This summer, I had the extraordinary fortune to travel to the Autonomous Republic of Buryatia in Siberia to attend the Altargana Festival.
Altargana means prairie flower, a plant with strong roots and a flower that reaches for the sky, even under the most adverse conditions. It is the symbol of Buryat spiritual unity and solidarity, which the festival displayed in abundance.
Like an Olympic procession, the festival opened with a parade of Buryat tribes and clans. Each group of Chinggis Khan’s descendents filed into the stadium, its members dressed in their distinct, brightly colored traditional regalia. Thousands of Buryats, who came from as far away as China and Mongolia, marched in the sweltering late afternoon heat to be part of the largest gathering of Buryat peoples in memory. By the time they were seated, dusk had faded into night. Fireworks lit the sky.
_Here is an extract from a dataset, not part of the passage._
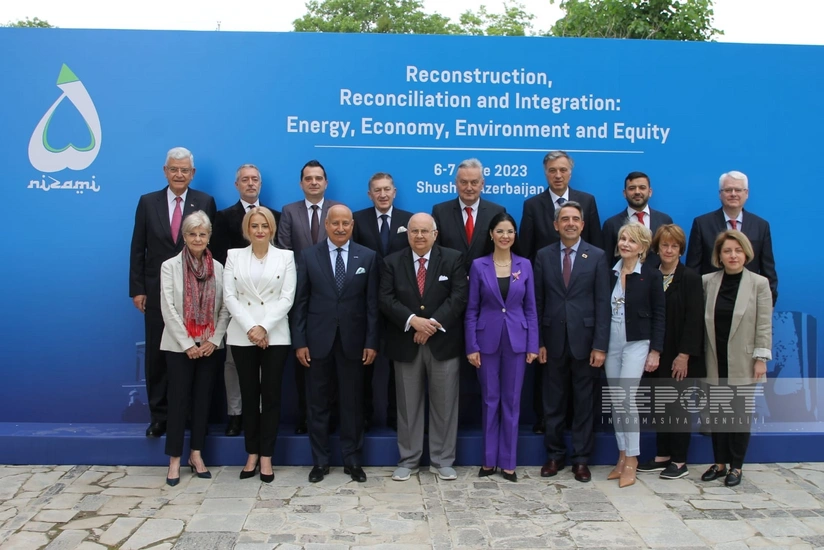 В Шуше открылся международный форум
The days that followed were filled with fellowship, friendly competition, and a proud public display of an indigenous culture that has moved into the new century grounded in its history and traditions, but embracing modernity in its own unique way.
This was my first trip to Russia. Having grown up during the Cold War, I was taught that everything about the Soviet Union was bad. Nobody told me that the Soviets made huge investments in the arts, which the Buryats—then and now—make the most of. Their theater productions rival the best on Broadway, their wrestling and archery competitions display the finest in athleticism, and their dance performances are more exhilarating than any I, a dance fanatic, have ever seen. I envy the lucky producer who promotes a Buryat dance world tour.
A highlight of the trip was the yurt competition. In a huge grassy field behind a museum, each clan set up its own traditionally furnished yurt (a round tent, large and comfortable enough to house an extended family), and laid out a feast. Thousands of visitors were offered kumiss (fermented milk). Since there were no snack bars, thirsty foreigners had no choice but to expand their culinary horizons. Some clans brought their Buryat mountain dogs, camels, and other traditional animals. Others displayed their musical talents, playing the morin huur (horsehead fiddle), iochin (hammered dulcimer), and yatag (similar to a Japanese koto).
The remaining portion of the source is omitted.